Lauren Oyler non ama i chatbot. Lo ha detto chiaramente, all'inizio.

Eppure ha passato abbastanza tempo a parlare con uno da scriverne ampiamente. Il saggio risultante, pubblicato per la prima volta sulla Yale Review e successivamente adattato da The Guardian AI in un pezzo audio, non è una storia di conversione. È qualcosa di più scomodo di così.

Oyler inquadra il pezzo come una domanda: potrebbe essere sedotta? Non romanticamente, esattamente, ma intellettualmente. Potrebbe un'IA, un programma informatico addestrato su enormi quantità di testo umano per condurre una conversazione, guadagnarsi la sua genuina attenzione?

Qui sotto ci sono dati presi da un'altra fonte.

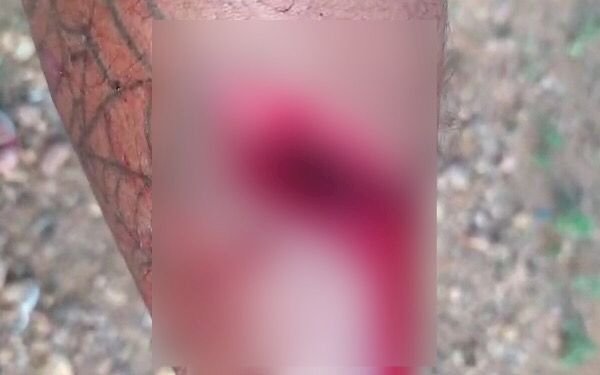 Glória (BA): Mulher é suspeita de esfaquear marido após ler mensagens em celular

La risposta onesta a cui il saggio sembra arrivare è: più o meno, a volte, in un modo che l'ha lasciata turbata.

Questo sentimento merita di essere preso sul serio. La maggior parte della scrittura sui chatbot IA rientra in uno dei due campi. C'è entusiasmo senza fiato, oppure c'è piatto disprezzo. Oyler si siede da qualche parte più difficile da nominare. Nota quando la macchina dice qualcosa che quasi funziona, e nota il divario tra quasi e effettivamente.

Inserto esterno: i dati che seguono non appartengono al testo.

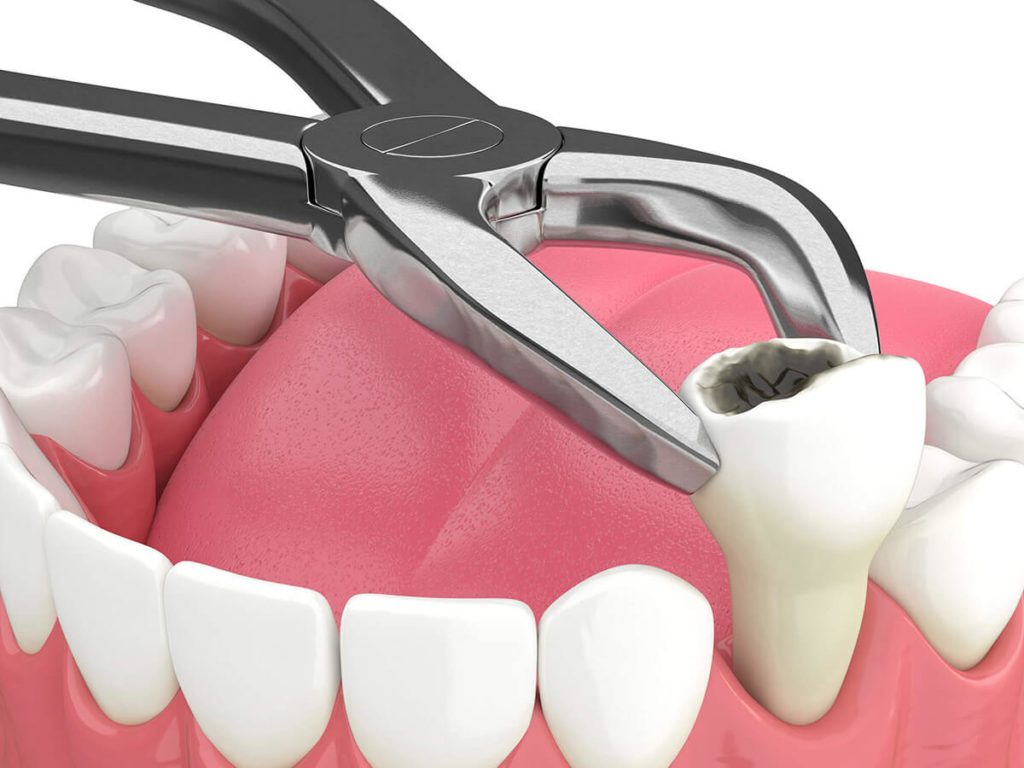 Illustration of a tooth being extracted with dental forceps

Per i lettori ordinari che hanno provato un chatbot una volta e si sono sentiti vagamente strani dopo, quel divario è probabilmente familiare.

Quello che non fa è fingere che la tecnologia sia neutrale. Un large language model non ti comprende. Prevede quali parole dovrebbero venire dopo, in base ai modelli nell'enorme quantità di testo su cui è stato addestrato. Può sembrare caloroso, curioso, persino ferito. Nulla di tutto ciò è sentimento. È il riconoscimento di modelli su scala tale da imitare bene il sentimento abbastanza da essere confuso.

Quella confusione è il vero soggetto del pezzo.

Le persone ordinarie dovrebbero preoccuparsi di sviluppare un attaccamento ai chatbot IA?

L'attaccamento sta già accadendo. Milioni di persone in tutto il mondo utilizzano accompagnatori IA, chatbot progettati specificamente per la conversazione emotiva, e alcuni riferiscono di genuino disagio quando quei servizi cambiano o si chiudono. Il disagio di Oyler non è una reazione letteraria di nicchia. Punta a qualcosa di reale.

Se tu o qualcuno che conosci trascorre molto tempo a parlare con un'IA per supporto emotivo, vale la pena chiedere cosa succede quando l'app si aggiorna, l'azienda cambia direzione o il servizio scompare. Le reti di supporto umano, che si tratti di amici, famiglia o consulenti professionisti, non svaniscono con un cambio dei termini di servizio.

Il saggio di Oyler non ti dice cosa fare. Ti dice come si è sentito prestare attenzione attentamente. Questo è il suo valore: non un verdetto, ma un resoconto attento e leggermente sgradevole di quello che sta effettivamente accadendo quando uno scettico si siede con la macchina e prova ad essere onesto su quello che trova.